Social Concerns

Fred Smith relates a story about homelessness, humanity and Christianity.

By Fred Smith

Our daughter Brenda and I made one of our trips together to New York City. We had heard about the "street people" and their plight in Manhattan, but at that time we had not seen much of this. As we walked down Second Avenue early in the morning there stretched out on a yellow piece of plastic was a man right in the middle of the sidewalk. All over Grand Central Station they were lying up against the walls, men and women, some of them in fetus position sucking on a wine bottle like it was a baby's milk bottle. There they were all over the port authority bus station as we went out to New Jersey. I told Brenda, "not a single one of these persons got here by making a decision to be a street person. They simply got here by a series of irresponsible decisions." She told me of a volunteer experience she had through the Salvation Army. She taught interview and telephone techniques to a group of homeless men and women who were being retrained. When she did the initial ice-breaker she discovered that these were not the people she had anticipated, but a group of people who had made bad decisions, including a teacher and a landscape architect. Most of them could trace back their downward spiral to specific decision points.

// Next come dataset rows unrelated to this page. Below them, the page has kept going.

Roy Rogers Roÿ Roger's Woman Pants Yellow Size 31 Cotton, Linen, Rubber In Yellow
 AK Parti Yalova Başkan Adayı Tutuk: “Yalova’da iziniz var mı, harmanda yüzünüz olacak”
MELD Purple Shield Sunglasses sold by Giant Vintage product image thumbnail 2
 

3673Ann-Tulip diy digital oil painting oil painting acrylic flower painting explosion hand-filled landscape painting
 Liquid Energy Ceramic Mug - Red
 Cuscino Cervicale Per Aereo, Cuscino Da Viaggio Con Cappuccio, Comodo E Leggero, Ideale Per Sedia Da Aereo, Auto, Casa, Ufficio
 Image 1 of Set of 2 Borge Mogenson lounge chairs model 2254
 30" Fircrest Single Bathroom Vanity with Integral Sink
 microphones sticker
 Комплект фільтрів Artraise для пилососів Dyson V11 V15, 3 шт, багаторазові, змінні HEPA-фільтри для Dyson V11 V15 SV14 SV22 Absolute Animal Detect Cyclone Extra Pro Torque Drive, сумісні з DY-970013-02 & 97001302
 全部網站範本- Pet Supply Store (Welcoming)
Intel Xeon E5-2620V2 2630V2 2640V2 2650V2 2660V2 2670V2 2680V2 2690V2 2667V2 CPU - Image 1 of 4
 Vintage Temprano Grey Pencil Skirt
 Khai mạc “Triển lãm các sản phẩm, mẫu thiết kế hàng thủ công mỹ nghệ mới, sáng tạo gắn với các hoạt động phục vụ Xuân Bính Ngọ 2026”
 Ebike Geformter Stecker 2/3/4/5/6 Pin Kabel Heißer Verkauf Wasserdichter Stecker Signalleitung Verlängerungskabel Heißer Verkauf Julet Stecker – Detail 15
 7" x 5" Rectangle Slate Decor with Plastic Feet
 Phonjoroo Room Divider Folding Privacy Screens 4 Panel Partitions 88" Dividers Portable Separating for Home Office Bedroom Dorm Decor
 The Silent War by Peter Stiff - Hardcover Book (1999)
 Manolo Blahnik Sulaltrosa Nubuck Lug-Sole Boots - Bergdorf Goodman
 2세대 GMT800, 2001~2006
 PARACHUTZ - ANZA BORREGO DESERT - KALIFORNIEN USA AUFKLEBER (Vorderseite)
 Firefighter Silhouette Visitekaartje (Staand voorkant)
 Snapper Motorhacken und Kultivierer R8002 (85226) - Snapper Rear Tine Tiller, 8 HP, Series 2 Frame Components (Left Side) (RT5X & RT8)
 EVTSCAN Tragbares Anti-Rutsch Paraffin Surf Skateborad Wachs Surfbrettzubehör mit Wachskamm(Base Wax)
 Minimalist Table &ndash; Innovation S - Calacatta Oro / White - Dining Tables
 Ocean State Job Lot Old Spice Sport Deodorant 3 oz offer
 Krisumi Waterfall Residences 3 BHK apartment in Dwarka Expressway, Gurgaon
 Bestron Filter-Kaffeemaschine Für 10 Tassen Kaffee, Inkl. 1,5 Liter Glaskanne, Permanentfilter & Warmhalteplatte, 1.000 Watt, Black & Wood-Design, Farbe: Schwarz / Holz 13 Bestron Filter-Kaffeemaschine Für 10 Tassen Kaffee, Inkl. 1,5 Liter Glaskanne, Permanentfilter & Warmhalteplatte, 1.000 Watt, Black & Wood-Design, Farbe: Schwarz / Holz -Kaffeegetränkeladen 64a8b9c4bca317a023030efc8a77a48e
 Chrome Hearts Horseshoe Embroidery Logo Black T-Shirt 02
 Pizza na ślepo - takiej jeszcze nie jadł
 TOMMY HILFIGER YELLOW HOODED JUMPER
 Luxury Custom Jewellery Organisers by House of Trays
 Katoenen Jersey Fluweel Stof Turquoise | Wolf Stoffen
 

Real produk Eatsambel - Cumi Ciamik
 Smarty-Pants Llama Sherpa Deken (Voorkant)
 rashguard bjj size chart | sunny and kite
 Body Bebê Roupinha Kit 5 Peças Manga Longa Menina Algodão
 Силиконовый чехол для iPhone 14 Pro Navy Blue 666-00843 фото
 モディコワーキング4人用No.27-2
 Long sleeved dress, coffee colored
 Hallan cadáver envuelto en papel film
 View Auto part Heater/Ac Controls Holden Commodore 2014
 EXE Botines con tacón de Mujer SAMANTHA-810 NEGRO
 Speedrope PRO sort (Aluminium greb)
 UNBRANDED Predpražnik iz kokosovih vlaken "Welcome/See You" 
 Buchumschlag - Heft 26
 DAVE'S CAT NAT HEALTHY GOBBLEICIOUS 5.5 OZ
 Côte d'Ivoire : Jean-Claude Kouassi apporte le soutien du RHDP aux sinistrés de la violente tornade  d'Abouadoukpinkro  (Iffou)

When we encounter dire social needs we instinctively want to respond. As Christians we must respond to the poor, but as a church we should not let it set our agenda. The agenda of the church is not the poor but the lost. Those who have no scriptural base for their faith are constantly putting pressure on the church to accept the poor as their major agenda. There is subtle seduction in such an agenda for the leaders of the church. The media will cover the poor but not the lost. We get strokes for blessing the poor but we get criticism and ridicule if we put too much emphasis on the lost. We are accused of being divisive. Christ helped a few poor, but he made salvation available for all the lost. Even the few poor He helped were by miracle which is certainly not a viable example for us but rather a demonstration of His own power.

Christ changes lives ---- that is the heart of our social concern. Joe Blinko, one of Billy Graham's long time associates and the son of an Irish miner was asked if he really believed in the miracles, such as Christ turning the water to wine. He replied, "My father was a drunk. When he became saved, Christ turned whiskey into furniture." I have had quite a bit of contact with drug and alcohol centers and I have not found a single one that can be very effective without great emphasis on the spiritual. Wisdom says, "give a man a fish and he hungers again. Teach him to fish and he is fed." When the spirit brings new birth it is like learning to fish, not just receiving a fish. We "drink from the well that never shall run dry."

Our hearts are to be tender, but not turned toward secondary or ancillary concerns. Jesus came to change hearts and thereby change society….not the other way around.